Interestingly, the Tribunal referenced the statement of a Chinese delegate made during the negotiation of the fishing provisions of the los Convention that resolutely opposes the idea of historic fishing in another State’s eez commenting that this position is “incompatible” with China’s historic rights claim.60

The Tribunal also referenced the 1984 Gulf of Maine Case61 where the United States argued that historic fishing rights had a role to play in the delimitation of 200 nm zones and the International Court response that as the waters in question where previously high seas that no special rights could accrue where the fishers in question were simply exercising a high seas right open and available to all.62

Beyond fishing rights, the Tribunal, albeit in a different section of the Award, noted the difficulty of the possibility of any kind of historic right as regards the resources of the continental shelf given the recent (1960s) development of significant offshore oil and gas activities.63 Note might also have been made that the continental shelf regime dating back to the 1958 Continental Shelf Convention64 was premised on preventing States from be able to assert an historic right to shelf resources where that shelf was the natural prolongation of another State.65

The overall view of the Tribunal was that:

It is simply inconceivable that the drafters of the Convention could have gone to such lengths to forge a consensus text and to prohibit any but a few express reservations while, at the same time, anticipating that the resulting Convention would be subordinate to broad claims of historic rights.”66

Thus, the Tribunal concluded that as the los Convention “leaves no space for an assertion of historic rights,”… “China’s claim to historic rights to the living and non-living resources within the “nine-dash line” is incompatible with the Convention….”67

The Tribunal’s support of the primacy of the los Convention in the areas of fisheries and continental shelf resources is reassuring and may be an important result in preventing the reopening of fisheries disputes internationally and bilaterally.

The decisions on jurisdiction and the merits of the Tribunal regarding the nine-dash line and China’s claimed historic rights are based are based on a specific package of evidence.
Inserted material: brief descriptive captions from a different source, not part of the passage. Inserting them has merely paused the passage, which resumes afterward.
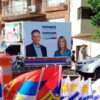 Vehículo decorado con carteles de campaña electoral del Frente Amplio, que muestra a Yamandú Orsi como candidato a presidente y Carolina Cosse como candidata a vicepresidenta. Delante del vehículo, se observan banderas de Uruguay y del Frente Amplio, junto a conos naranjas y transeúntes en una calle. Uruguay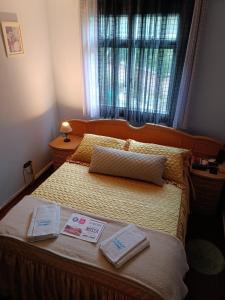 a bedroom with a bed with two towels on it at Acomodação-Viasoft-UP-Ecoville-INC-FioCruz-CIC in Curitiba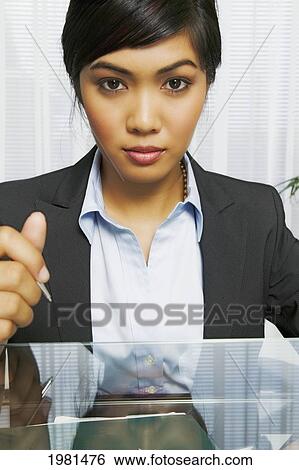 Asian Businesswoman Sitting At Her Office Desk. View Large Photo Image Stock Photograph - Asian Businesswoman Sitting At Her Office Desk.. Fotosearch
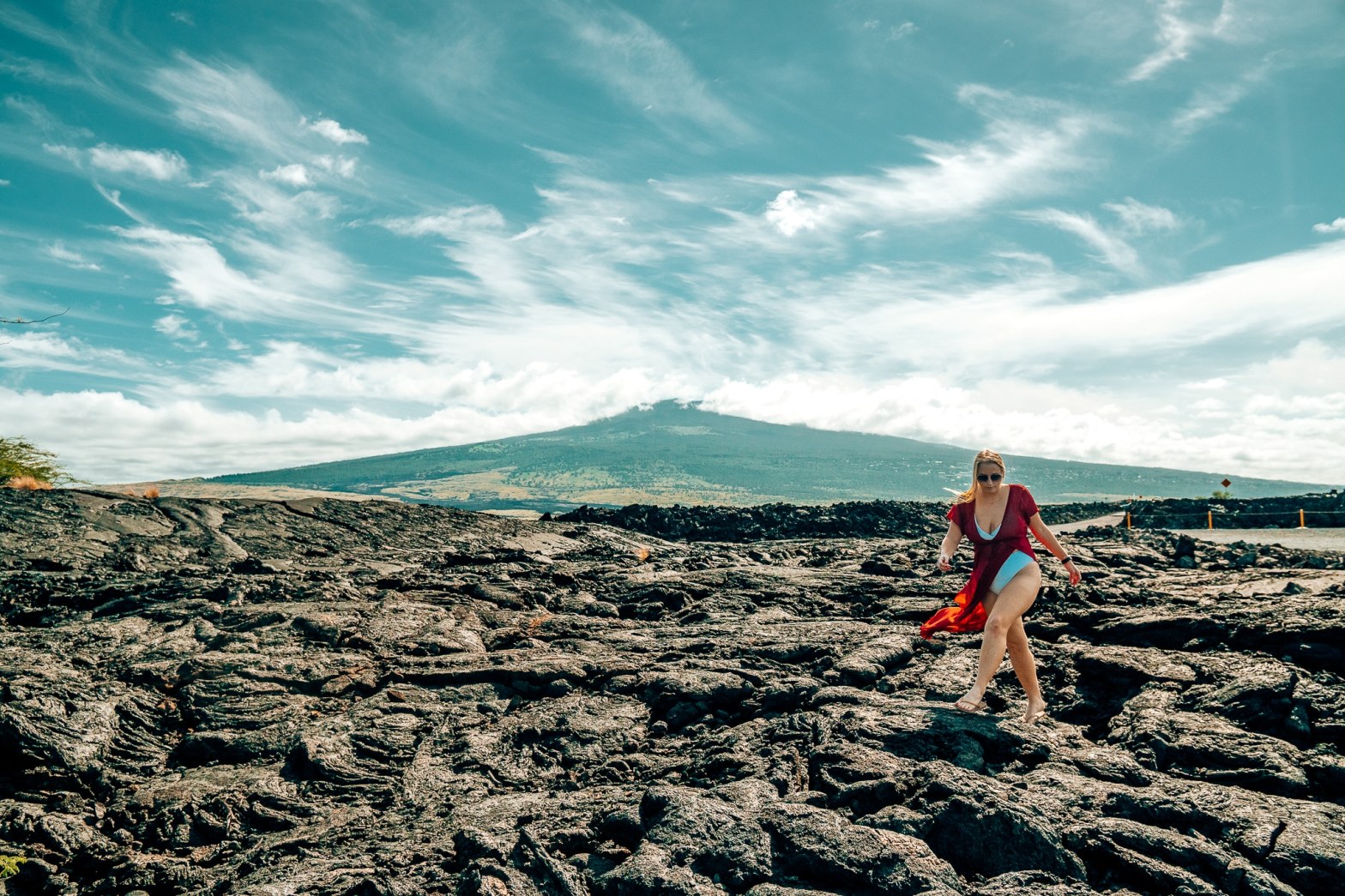Woman in a swimsuit and coverup walking over the lava bed that has flown down in front of Mauna Loa in the Big Island of Hawaii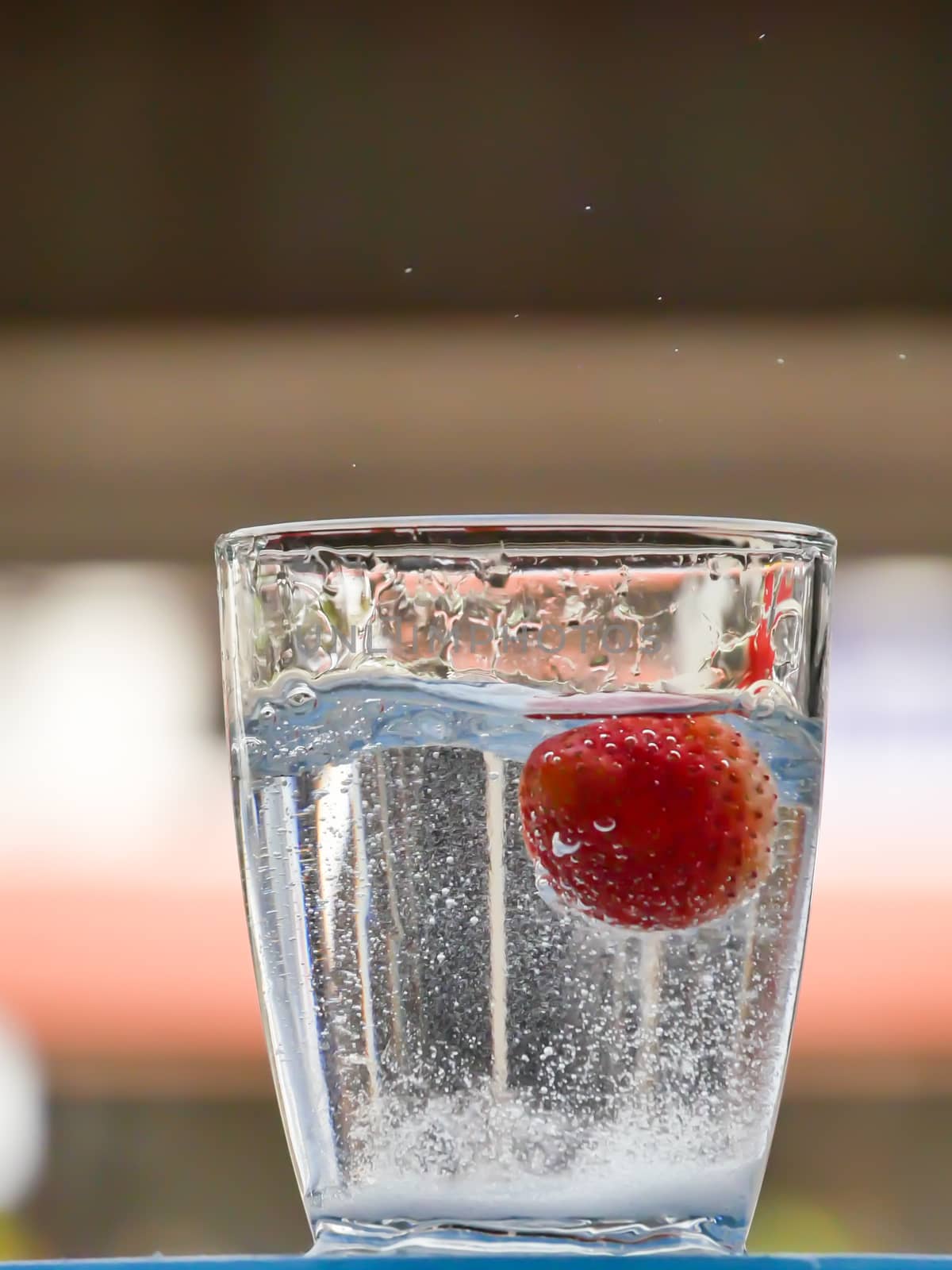 Strawberry Water splash in glass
If China were to produce new or different evidence or perhaps clarify using different terminology what is being claimed within the nine-dash, then a reassessment of the Award might be necessary. Perhaps in anticipation of this, the Tribunal indicated what evidence would be required to sustain a claim of a historic right arising where the waters or activity were, prior to the los Convention, subject to high seas freedoms.68

v Conclusion

This diverse article has touched upon three aspects of the South China Sea Arbitration. First, the legal status of the Award is clear – it is binding on both China and the Philippines. Nevertheless, there is a small practice of States that have rejected such binding decision. Second, the Tribunal in determining whether it had jurisdiction to deal with many of the Philippine submissions drew a sharp distinction between the entitlement of an insular feature to either 12 or 200 nm and both the question of the territorial ownership of the feature and maritime boundary delimitation. It is uncertain whether this legal distinction accords with the legal/political understanding held by States of the relationship between the rocks-islands difference and territorial sovereignty and maritime boundary delimitation. Third, the Tribunal clearly and correctly rejected the idea, presented to them in the form of China’s nine-dash line, that a State a party to the los Convention can have historic rights to fish or to the resources of the seafloor within the 200 nm zone of another State.

The main articles that are included in the Yearbook were presented as part of a conference entitled “The Aftermath of the South China Sea Arbitration: International Law, Politics, and Security Perspectives” held on 18 – 19 July 2016 in Taipei, Taiwan and the 2016 dila-Korea and kiost International Conference entitled “South China Sea Arbitration and Beyond Territorial and Maritime Disputes in East Asia” held on 5 – 6 October 2016 in Seoul, Korea. Special thanks go to Dustin Kuan-Hsiung Wang, Professor of the Graduate Institute of Political Science of National Taiwan Normal University, who organized the conference in Taipei.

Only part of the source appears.